Managing Conditions Caused by FGFR Mutations
The strategies for managing conditions caused by FGFR mutations are tailored to the specific disorder. For developmental syndromes, the focus is on addressing the functional and physical challenges that arise. For cancers driven by these mutations, treatment is increasingly aimed at blocking the faulty signaling pathway.
In children with skeletal dysplasias and craniosynostosis syndromes, management is often multidisciplinary.

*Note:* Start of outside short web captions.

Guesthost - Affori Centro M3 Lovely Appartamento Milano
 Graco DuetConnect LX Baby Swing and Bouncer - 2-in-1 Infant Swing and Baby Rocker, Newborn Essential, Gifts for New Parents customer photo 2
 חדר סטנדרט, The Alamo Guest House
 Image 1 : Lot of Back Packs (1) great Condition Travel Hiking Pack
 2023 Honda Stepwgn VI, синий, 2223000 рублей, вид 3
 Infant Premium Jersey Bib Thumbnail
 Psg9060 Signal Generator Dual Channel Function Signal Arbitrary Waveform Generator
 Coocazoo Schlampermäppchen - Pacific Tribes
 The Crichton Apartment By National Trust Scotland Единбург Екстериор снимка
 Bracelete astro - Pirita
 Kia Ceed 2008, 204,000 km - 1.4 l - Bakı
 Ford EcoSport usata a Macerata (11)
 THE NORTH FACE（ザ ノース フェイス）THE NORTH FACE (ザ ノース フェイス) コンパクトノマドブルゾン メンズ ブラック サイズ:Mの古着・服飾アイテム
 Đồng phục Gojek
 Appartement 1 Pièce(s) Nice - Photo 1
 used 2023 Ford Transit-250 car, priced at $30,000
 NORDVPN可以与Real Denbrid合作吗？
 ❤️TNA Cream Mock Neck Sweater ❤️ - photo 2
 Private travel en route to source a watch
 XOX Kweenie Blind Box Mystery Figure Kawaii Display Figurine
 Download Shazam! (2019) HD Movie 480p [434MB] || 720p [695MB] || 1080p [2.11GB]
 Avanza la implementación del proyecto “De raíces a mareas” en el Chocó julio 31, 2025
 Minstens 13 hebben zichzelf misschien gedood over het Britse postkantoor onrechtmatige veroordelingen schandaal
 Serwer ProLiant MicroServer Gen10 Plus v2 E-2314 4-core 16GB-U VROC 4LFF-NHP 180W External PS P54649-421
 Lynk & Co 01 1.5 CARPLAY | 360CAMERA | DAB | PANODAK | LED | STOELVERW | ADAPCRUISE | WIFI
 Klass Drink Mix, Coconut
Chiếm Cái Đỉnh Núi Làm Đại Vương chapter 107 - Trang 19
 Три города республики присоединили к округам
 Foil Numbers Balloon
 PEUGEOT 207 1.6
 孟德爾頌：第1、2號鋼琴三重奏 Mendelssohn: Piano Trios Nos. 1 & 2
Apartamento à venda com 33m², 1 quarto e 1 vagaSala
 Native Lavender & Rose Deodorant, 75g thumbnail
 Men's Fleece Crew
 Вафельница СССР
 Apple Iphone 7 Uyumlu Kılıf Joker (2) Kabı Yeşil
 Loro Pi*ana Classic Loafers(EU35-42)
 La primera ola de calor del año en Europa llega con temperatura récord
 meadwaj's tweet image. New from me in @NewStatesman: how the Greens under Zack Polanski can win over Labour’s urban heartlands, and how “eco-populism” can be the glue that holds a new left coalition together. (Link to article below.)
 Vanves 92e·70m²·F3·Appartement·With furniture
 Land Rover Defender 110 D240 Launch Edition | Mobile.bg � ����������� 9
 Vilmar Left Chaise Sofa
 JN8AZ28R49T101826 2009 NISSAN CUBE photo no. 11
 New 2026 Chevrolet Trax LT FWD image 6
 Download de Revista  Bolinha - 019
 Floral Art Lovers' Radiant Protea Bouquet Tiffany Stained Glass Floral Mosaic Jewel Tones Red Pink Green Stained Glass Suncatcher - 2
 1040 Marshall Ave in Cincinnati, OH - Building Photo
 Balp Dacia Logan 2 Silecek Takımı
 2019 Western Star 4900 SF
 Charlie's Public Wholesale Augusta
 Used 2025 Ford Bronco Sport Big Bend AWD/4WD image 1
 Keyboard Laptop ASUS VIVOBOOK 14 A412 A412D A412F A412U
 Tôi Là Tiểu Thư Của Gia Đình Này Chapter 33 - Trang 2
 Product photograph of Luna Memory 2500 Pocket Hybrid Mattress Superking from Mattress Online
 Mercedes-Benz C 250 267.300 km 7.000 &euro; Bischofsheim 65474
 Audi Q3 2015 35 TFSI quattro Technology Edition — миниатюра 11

Surgical interventions may be necessary to correct the premature fusion of skull bones or to address issues like spinal cord compression in achondroplasia. Supportive care, including physical therapy and monitoring for complications like sleep apnea or hearing loss, is also part of long-term management. For achondroplasia, a therapy called vosoritide is available, which works by counteracting the effects of the overactive FGFR3 signaling to promote bone growth.
For cancers with identified FGFR alterations, the development of targeted therapies has changed the treatment landscape. These drugs, known as FGFR inhibitors, are designed to specifically block the activity of the mutated FGFR proteins, thereby halting the growth signals that fuel the cancer. Several FGFR inhibitors, including erdafitinib and pemigatinib, have been approved for treating specific cancers, such as certain types of bladder cancer and bile duct cancer. These medications are prescribed after molecular testing confirms the presence of an actionable FGFR mutation in the tumor.